• "Quelque chose en nous d'un peu nazi"

    "L'homme est-il bon ? Est-il méchant ?

    Cette controverse hante les philosophes et les moralistes. Elle oppose, depuis plus de deux siècles, les partisans de Hobbes ("l'homme est un loup pour l'homme") à ceux de Rousseau ("l'homme est bon, la société le corrompt").

    De fait, aucun être humain ne vit hors d'une société. L'Homo sapiens est pétri par ses mythes, sa religion, ses parents, son village, sa culture; y compris, depuis un siècle, par la radio, la télévision ou Internet.

    Aucune bête sauvage n'aurait jamais assassiné ses congénères comme nous nous y sommes employés à Oradour-sur-Glane ou à Srebrenica.
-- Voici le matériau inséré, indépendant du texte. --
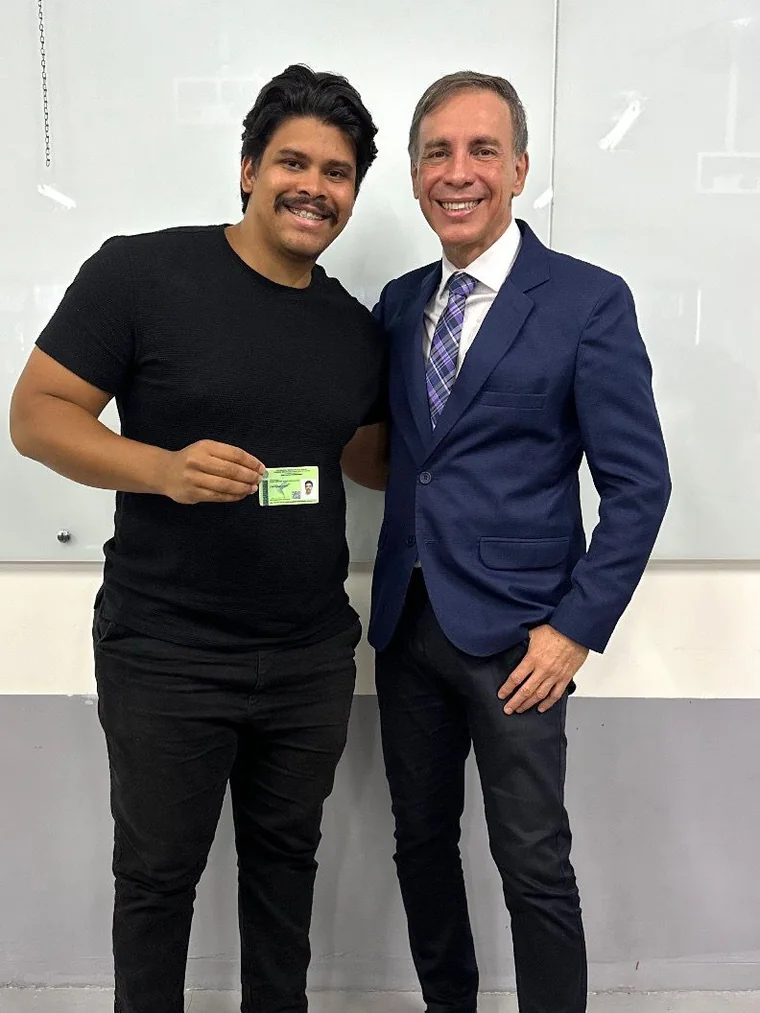 João Wender ao lado do presidente do CRECI-GO segurando a carteira profissional de corretor de imóveis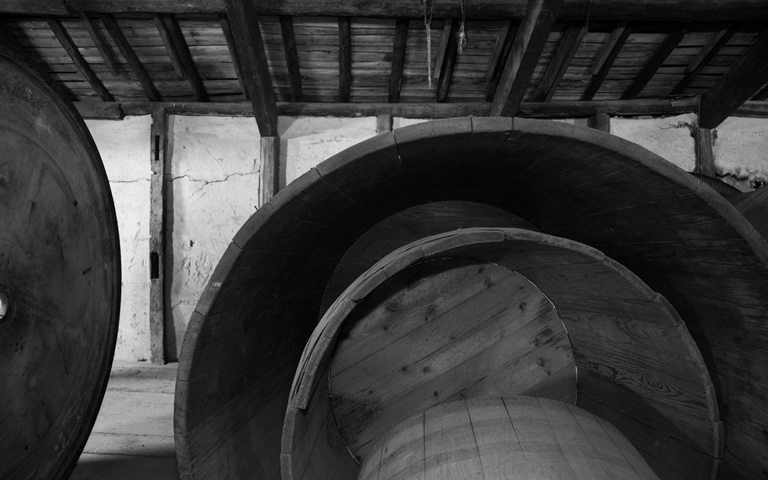 Traditional wooden fermentation tubs inside the brewery.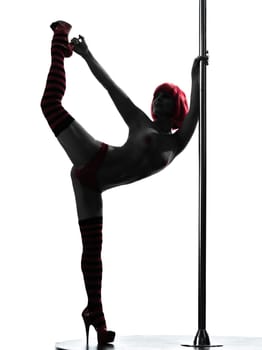 one caucasian woman pole dancer dancing in silhouette studio isolated on white background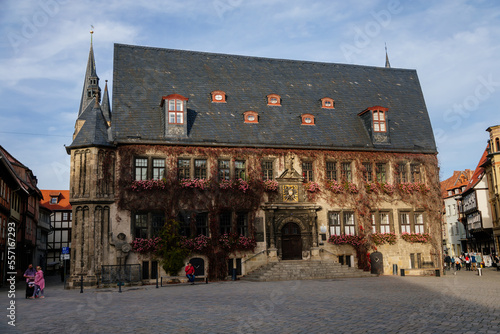 Quedlinburg, Saxony-Anhalt, Germany, 28 October 2022: Historic gothic townhall or Rathaus with Roland statue in Market Square, vintage colored timber frame houses in medieval town at sunny autumn day photo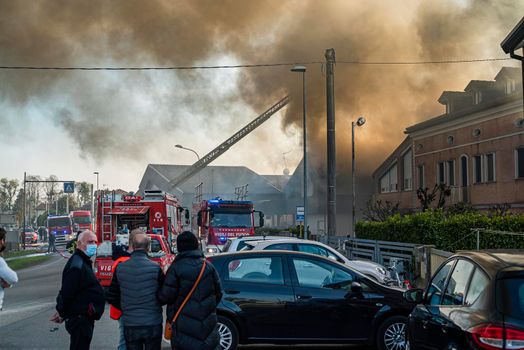 VILLANOVA DEL GHEBBO, ITALY 23 MARCH 2021: Fire house firefighters smoke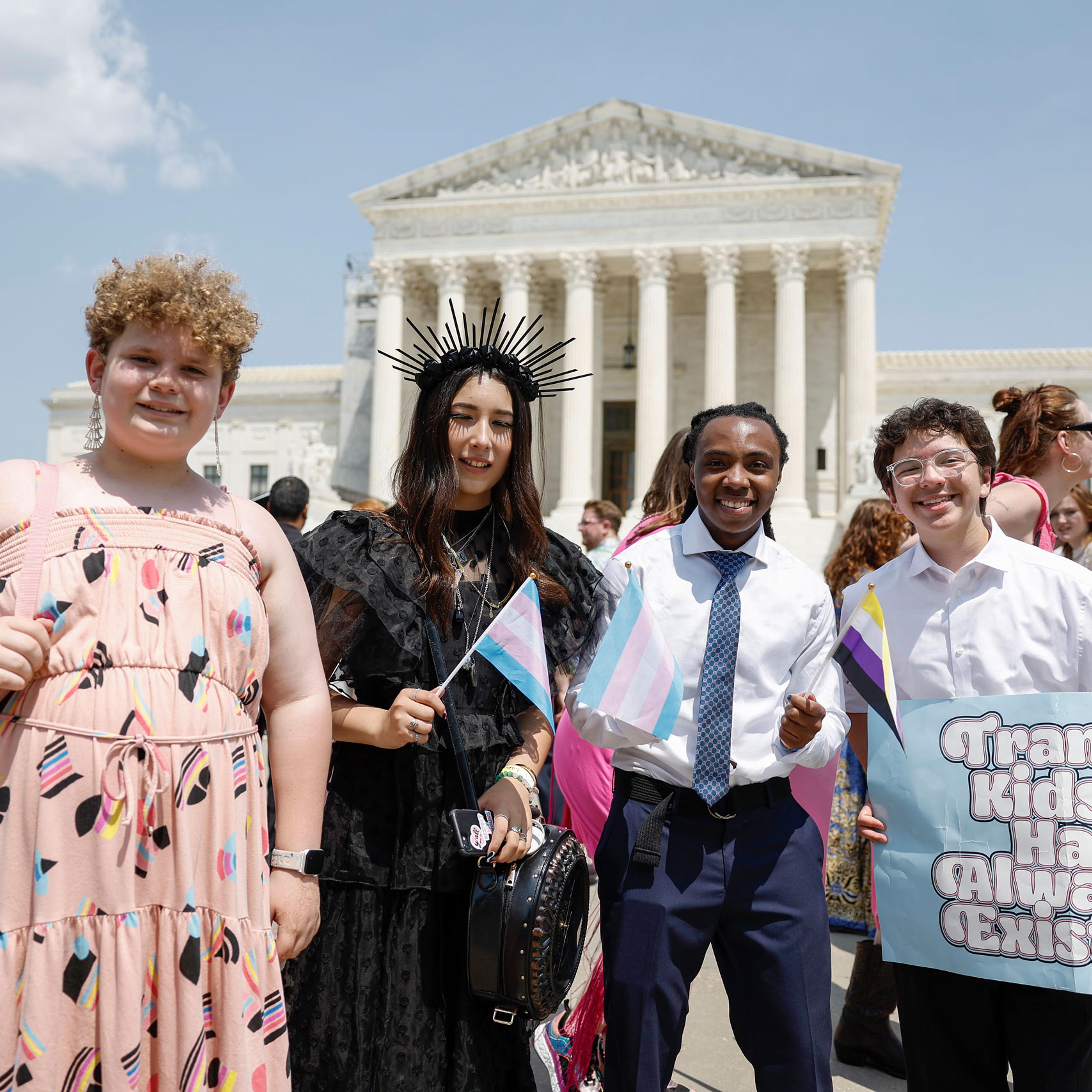 Grayson McFerrin, 12, Libby Gonzales, 13, Hobbes Chukumba, 16, and Daniel Trujillo, 15, the organizers of the “Trans Youth Prom” pose for a photo in front of the U.S. Supreme Court Building in Washington, D.C.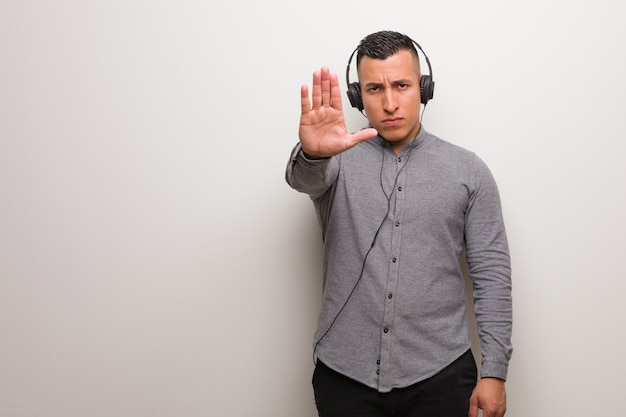 Young latin man listening to music putting hand in front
Aucun animal n'aurait pu concevoir et exécuter cet ordre que je tiens pour le plus barbare qui ait été proféré depuis le commencement de l'univers, voici près de quatorze milliards d'années : "Tuez-les tous, Dieu reconnaîtra les siens !"

    Bien plus que le tigre de Racine, nous sommes "altérés de sang". Meutriers, tortionnaires et fiers de l'être... Nous aimons nos reîtres, nos spadassins, nos soudards, nos uhlans, nos mercenaires? Nous louons la soldatesque qui pille et viole. Nous décorons nos "héros". Nous élevons des statues à ceux qui ont le mieux éventré ou incendié, nous leur composons des hymnes...

    L'homme est méchant parce que c'est un animal pensant.

    Je pense, donc j'asservis.

    Je pense, donc j'exploite et j'humilie. Je pense, donc je vole et je tue....

    Ce que je dois dire à présent me sort avec peine des neurones. Je rougis, je pâlis, mes yeux papillotent ma bouche se déssèche, mes doigts tremblent sur le clavier de mon ordinateur. Il y a longtemps que je le pense mais je n'osait l'écrire...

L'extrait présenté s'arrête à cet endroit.